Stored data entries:
==============================

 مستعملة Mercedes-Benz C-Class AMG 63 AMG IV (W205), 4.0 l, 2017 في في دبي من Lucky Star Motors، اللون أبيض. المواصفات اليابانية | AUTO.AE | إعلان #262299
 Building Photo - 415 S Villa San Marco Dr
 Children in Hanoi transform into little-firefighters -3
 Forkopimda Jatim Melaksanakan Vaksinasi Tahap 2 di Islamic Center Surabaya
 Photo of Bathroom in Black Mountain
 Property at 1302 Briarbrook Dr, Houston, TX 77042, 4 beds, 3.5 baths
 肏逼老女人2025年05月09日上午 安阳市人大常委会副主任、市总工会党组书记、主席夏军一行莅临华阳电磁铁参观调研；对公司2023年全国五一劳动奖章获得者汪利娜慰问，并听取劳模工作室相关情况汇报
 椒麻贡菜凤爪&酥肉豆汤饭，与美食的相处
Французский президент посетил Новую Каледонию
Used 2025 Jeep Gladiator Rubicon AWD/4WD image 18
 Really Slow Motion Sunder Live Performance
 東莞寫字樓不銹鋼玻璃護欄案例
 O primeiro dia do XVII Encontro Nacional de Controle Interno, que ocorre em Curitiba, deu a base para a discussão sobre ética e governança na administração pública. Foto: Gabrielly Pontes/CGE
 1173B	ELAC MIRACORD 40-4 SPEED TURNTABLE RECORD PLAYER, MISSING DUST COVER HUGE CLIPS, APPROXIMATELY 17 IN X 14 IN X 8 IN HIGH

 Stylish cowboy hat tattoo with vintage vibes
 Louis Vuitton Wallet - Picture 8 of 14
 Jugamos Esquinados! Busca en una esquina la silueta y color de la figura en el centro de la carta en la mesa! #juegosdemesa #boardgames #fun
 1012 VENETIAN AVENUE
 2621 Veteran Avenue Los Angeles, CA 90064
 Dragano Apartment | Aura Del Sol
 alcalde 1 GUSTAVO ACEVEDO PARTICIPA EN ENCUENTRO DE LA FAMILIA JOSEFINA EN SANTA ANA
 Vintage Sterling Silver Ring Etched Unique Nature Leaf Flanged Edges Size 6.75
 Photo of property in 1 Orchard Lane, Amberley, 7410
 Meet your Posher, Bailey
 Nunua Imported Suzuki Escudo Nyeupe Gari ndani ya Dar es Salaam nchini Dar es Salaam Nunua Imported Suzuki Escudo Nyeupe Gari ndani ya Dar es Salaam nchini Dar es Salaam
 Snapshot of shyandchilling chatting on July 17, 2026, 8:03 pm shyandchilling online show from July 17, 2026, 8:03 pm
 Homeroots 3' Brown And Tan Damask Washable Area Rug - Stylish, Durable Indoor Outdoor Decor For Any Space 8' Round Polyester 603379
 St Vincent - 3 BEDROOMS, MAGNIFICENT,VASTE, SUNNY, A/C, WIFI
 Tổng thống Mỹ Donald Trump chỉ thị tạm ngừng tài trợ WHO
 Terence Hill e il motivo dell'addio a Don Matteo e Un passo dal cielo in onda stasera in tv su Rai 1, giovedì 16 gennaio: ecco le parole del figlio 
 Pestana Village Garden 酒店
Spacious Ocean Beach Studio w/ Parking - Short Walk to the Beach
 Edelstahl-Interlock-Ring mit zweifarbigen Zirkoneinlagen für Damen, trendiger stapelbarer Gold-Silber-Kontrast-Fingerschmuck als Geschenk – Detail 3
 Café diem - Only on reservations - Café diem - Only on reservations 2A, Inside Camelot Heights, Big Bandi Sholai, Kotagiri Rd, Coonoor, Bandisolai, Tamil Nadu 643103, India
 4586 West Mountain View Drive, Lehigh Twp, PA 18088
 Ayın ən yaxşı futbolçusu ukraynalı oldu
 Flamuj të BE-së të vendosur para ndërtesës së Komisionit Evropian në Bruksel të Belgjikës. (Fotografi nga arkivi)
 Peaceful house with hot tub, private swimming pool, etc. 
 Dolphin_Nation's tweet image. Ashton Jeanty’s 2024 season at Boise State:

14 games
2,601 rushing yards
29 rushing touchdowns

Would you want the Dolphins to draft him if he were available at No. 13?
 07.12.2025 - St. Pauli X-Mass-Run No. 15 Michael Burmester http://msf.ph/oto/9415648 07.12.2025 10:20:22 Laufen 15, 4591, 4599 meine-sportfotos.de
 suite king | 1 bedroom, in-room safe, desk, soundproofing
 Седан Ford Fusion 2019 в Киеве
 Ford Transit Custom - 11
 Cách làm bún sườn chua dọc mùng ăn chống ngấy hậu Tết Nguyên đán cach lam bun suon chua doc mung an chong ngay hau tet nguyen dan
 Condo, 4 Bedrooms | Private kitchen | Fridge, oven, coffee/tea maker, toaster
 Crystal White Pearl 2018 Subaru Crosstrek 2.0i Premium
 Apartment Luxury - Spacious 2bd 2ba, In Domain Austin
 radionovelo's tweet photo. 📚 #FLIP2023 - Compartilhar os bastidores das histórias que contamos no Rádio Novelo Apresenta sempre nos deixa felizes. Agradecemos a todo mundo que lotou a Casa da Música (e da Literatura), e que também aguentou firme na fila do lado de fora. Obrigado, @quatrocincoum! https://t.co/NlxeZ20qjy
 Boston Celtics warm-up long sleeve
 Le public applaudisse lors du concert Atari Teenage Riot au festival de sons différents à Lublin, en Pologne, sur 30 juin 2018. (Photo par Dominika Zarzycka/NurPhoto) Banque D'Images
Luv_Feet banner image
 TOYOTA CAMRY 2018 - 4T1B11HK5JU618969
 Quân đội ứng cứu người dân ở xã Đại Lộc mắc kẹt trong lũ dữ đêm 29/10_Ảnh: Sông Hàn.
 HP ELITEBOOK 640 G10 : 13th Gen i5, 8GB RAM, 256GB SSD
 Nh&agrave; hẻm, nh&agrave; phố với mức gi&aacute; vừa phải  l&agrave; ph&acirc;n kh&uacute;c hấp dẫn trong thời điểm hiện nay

==============================

Determine how many lines of the records above contain the word "Stylish", and report only that number.

2